_How to complete this task_
Every line below is to be set down again exactly; any image stays out.

*** Information shown ***

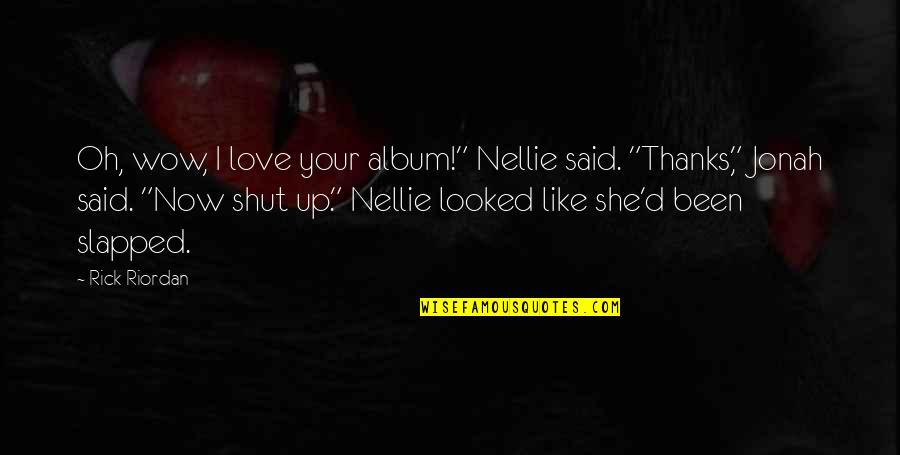 Slapped Quotes By Rick Riordan: Oh, wow, I love your album!" Nellie said.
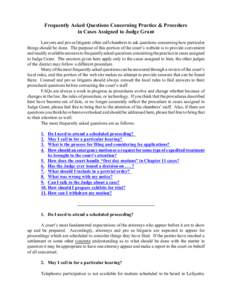 Frequently Asked Questions Concerning Practice & Procedure in Cases Assigned to Judge Grant Lawyers and pro se litigants often call chambers to ask questions concerning how particular things should be done. The purpose o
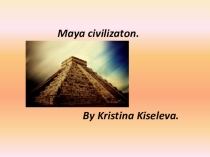 Презентация по темеДревние цивилизации - Maya civilization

*** End of Information shown ***

_Exercise result_
 Slapped Quotes By Rick Riordan: Oh, wow, I love your album!" Nellie said.
 Frequently Asked Questions Concerning Practice & Procedure in Cases Assigned to Judge Grant Lawyers and pro se litigants often call chambers to ask questions concerning how particular things should be done. The purpose o
 Презентация по темеДревние цивилизации - Maya civilization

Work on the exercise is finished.